» REQUIRED ACTION:
From the line below containing "happy young man" to the final line, print each line exactly as written. No pictures belong in the copy.

___ DATASET ENTRIES

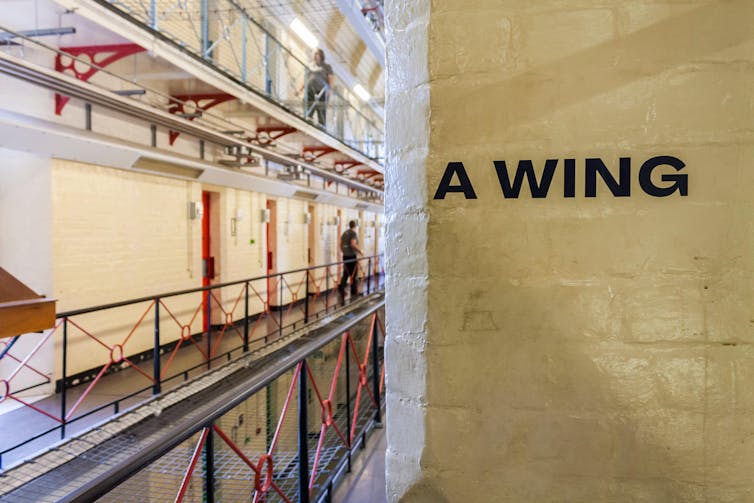An interior shot of a Victorian era prison.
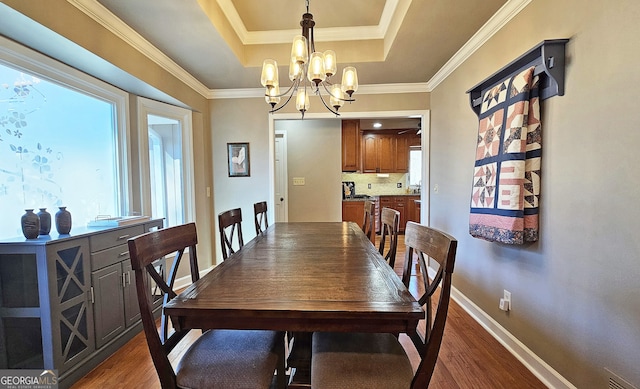 dining room featuring crown molding, dark wood-type flooring, a chandelier, and a tray ceiling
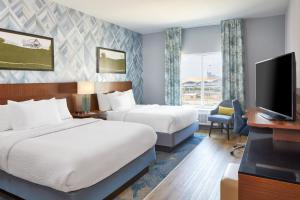 Fairfield Inn and Suites by Marriott Nashville Downtown/The Gulch في ناشفيل: غرفة فندقية بسريرين وتلفزيون بشاشة مسطحة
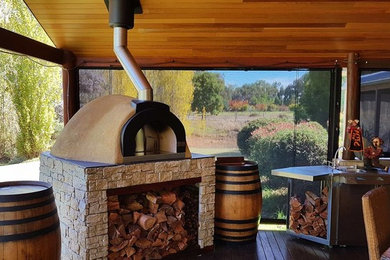 Photo of an open plan kitchen in Perth.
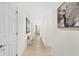 Bright hallway with tile flooring and neutral colors at 231 Riverside Dr # 1001, Holly Hill, FL 32117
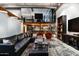 Modern living room with comfortable seating, a decorative area rug, and a view of the loft area at 914 E Osborn Rd # 404, Phoenix, AZ 85014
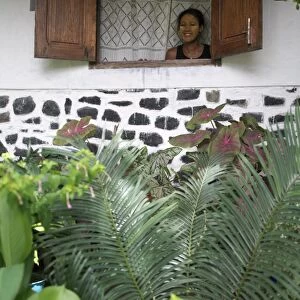 A Malagasy woman admires her garden from the window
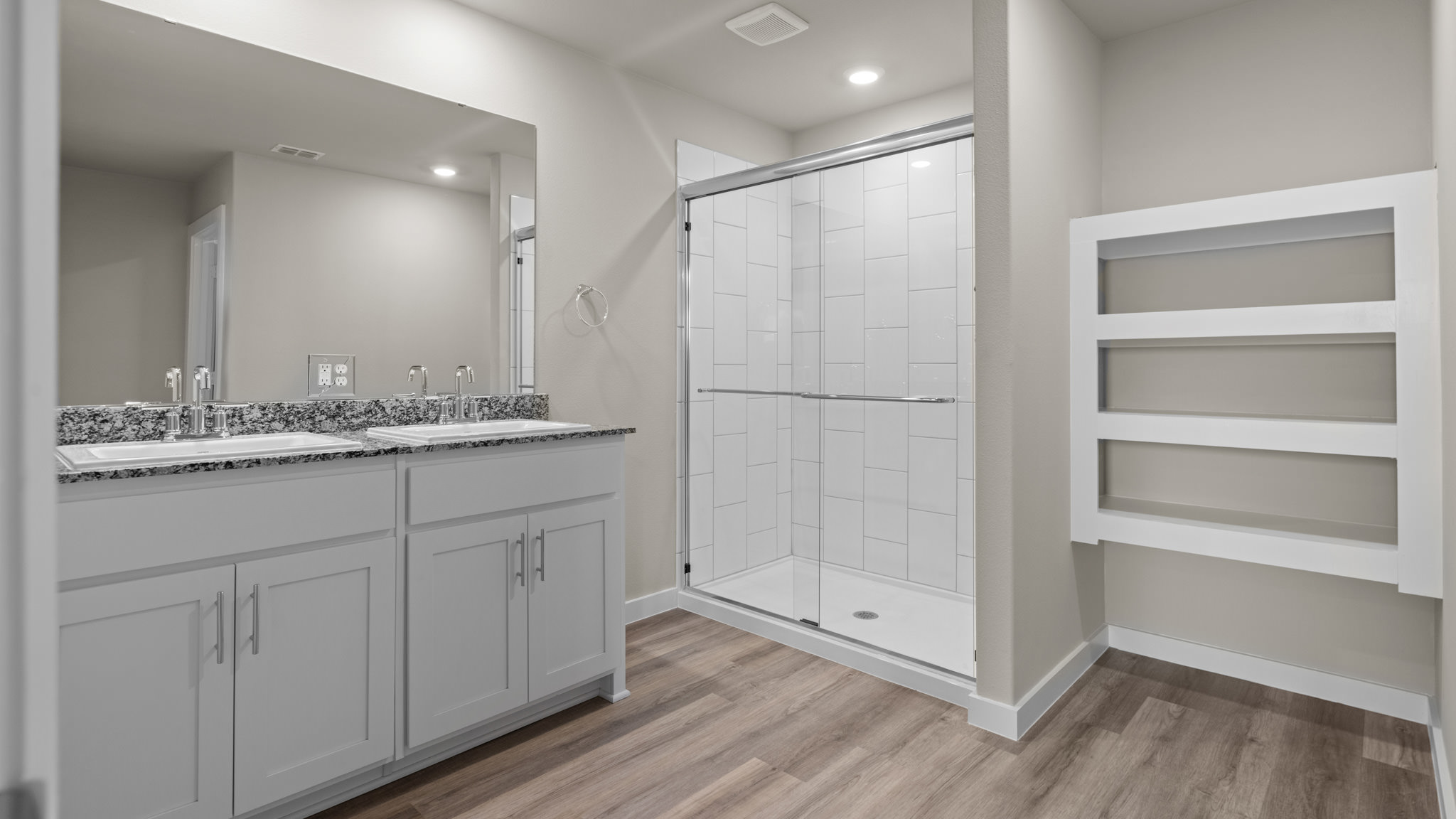 Primary bathroom with built in vanity and luxurious shower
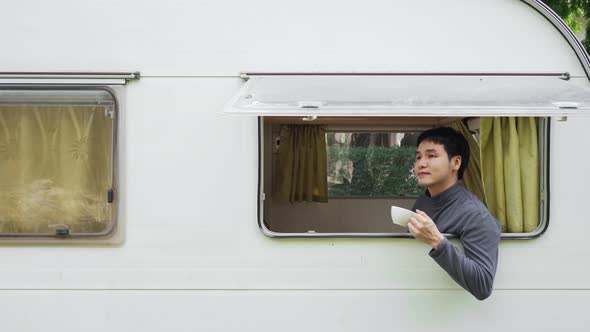 happy young man drinking coffee at window of a camper RV van motorhome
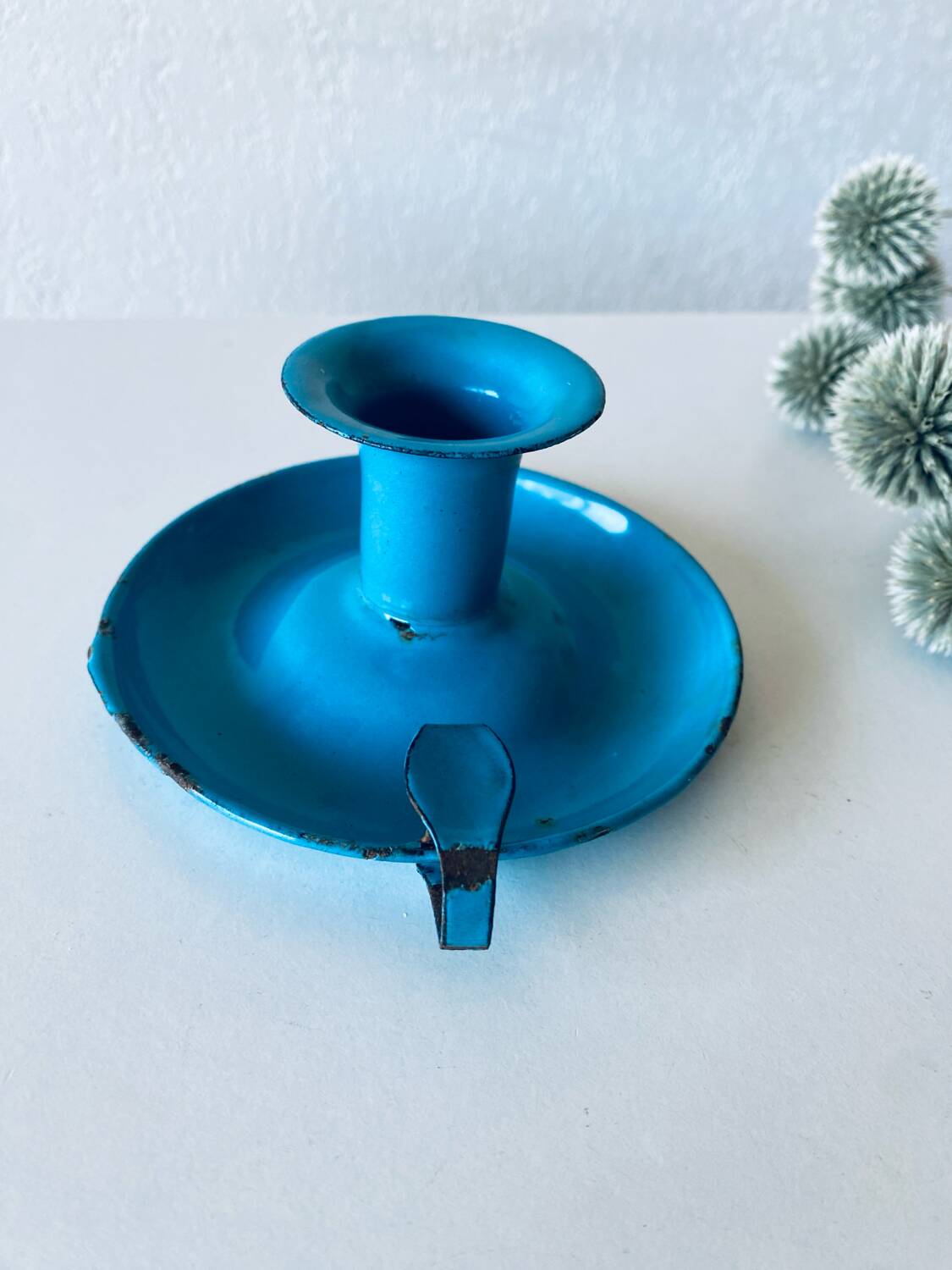 Antique enamelled metal candle holder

______

» ANSWER:
 happy young man drinking coffee at window of a camper RV van motorhome
 Antique enamelled metal candle holder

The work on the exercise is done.